I wrote him afterwards that Captain Trent had promis’d to procure them; having Sent Fraser to bring it about, as I look upon it as an Important piece of Intelligence, and desird his Honor to Send his Instructions and Speeches to you to be deliver’d to the Messenger at Fort Cumberland or where you pleasd, with your Own proper Injunctions. Whether you have receivd such Instructions I cannot Say, but you will See by Trent’s Letter the Indians are ready,2 and had they been brought to Will’s Creek, Nothing being Ready for the Ambassy, we Should have been brought into further Contempt with them. I think that the Expence is inconsiderable, compard with the Service, and Intelligence; and the Sooner they are dispatchd the Better.
We were alarum’d on the 23d by having one Barnet of the Light Horse, Scalp’d within 300 yards of the Command tending the Cattle up the North Branch: One Batemore of The Troop and Peckwood who was about the first of October chasd all the way from Ray’s Town by the Indians, are missing Since That morning, from the Same place.3 I detachd Capt. Bronaugh with Captain Josh.
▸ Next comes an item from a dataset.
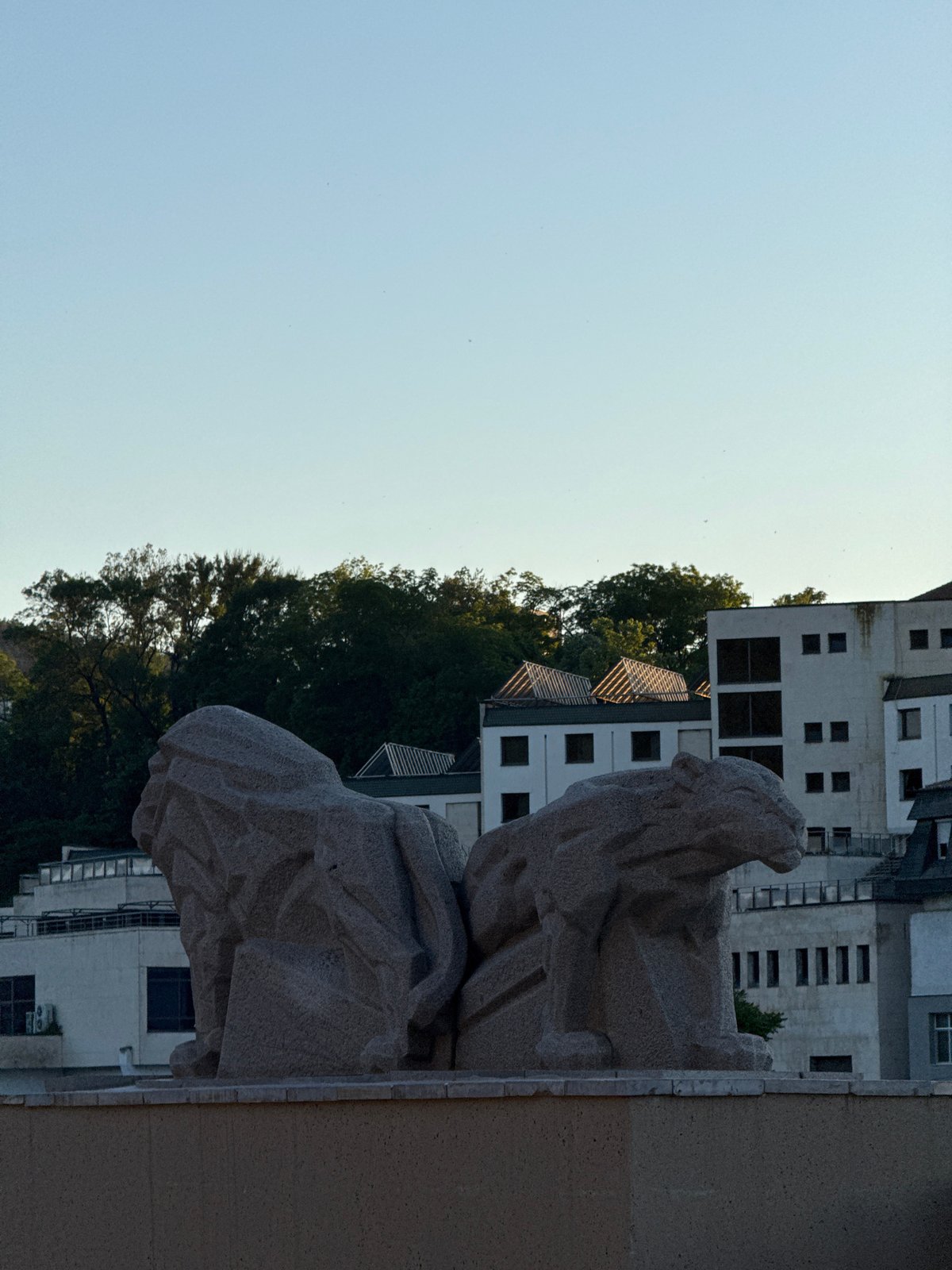 Stone lion statues spotted on building ledge in Lovech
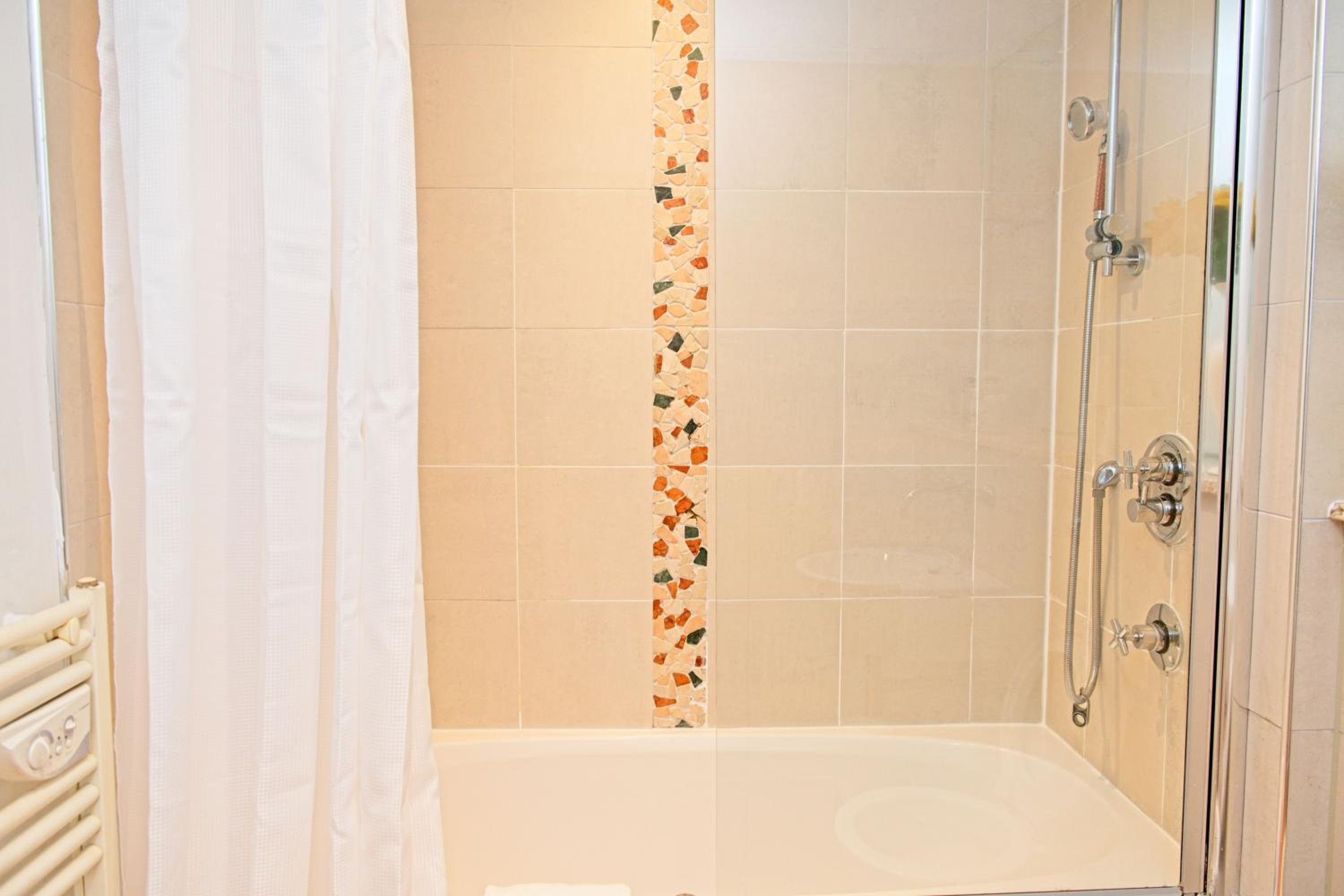 2 Bedroom Chinatown Apartment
Lewis and 100 men to Scour the mountains, and bring Intelligence, with orders to proceed as far as Williams plantation, to Examine towards George’s Creek, and pursue the Enemy towards the South Branch, If they found that they had Crossd the North Branch.
To my Surprise They Return’d the Same night, without the least Intelligence. I afterwards Sent out Capt. Jno. Mercer, Captain McKenzie and 80 men to Scour the mountains towards the Alleganay, and from George’s Creek towards Martins As far as the North Branch, never touching the road in the march—They are not Returned, and I expect a Satisfactory Acct from them as soon as they do. I have orderd the Watermen to Land the flour they Bring up from Cannogochigoe at Walkers at the Mouth of Pat. Creek, where I shall be obligd to send a guard. We have no Room for it here, and we wait to hear from you before we build any more Storehouses. If we build on Pattersons Creek, It is conveneint to have it there. We want a Store house for the Quarter Mr.
A very Rich affair has Happen’d latley—I indulged Mr Roe in Carpenters and Nails planks &c. to build a house, and now it is finished, he has sold it to Buckner for £20.4
And I hear it Whisperd that They design to have a Chemny put to One of the Storehouses within the Fort for him to live in, which I will take Care to prevent untill I hear from you.
I have given up nothing hitherto.5 The Report of the Redoubt Regard is made to me daily, where all the prisoners of the Regmt Are; I send out what parties I think proper, and do with the Regmt wtout Contrac⟨t.⟩ You will see what they are about in pennsylvania by Trent’s Letter. There is a Recruit of Captain Bronaugh’s, and One of Lt. Blag’s, who were both Cloathd, and brought up here, and beig judged Useless and discharg’d, The Cloath therefore, and charge of bringing Up are a dead weight. I long to hear from You, and am with Respect Sir, Your most Obet huble Servt
1. Stephen was in Williamsburg in Oct. 1755.
2. See enclosure.
3. On 31 Jan. 1756 Stephen listed as deserters since 24 Jan. Samuel Packwood of Charles Lewis’s company and Phill Bodmore of Robert Stewart’s troop.
4. John Walker’s plantation was on the Potomac River 25 miles from Pearsal’s and 8 miles from Fort Cumberland. Mr. Roe was probably Lieutenant Roe of Capt. John Dagworthy’s Maryland company at Fort Cumberland.
5. Undoubtedly GW discussed with Stephen when they were together in Winchester in early January what Stephen should do to maintain his authority at the fort in the face of Dagworthy’s claims to seniority at Fort Cumberland. For evidence of this, compare Stephen to GW, 9 Dec. 1755, and GW to Dinwiddie, 14 Jan. 1756.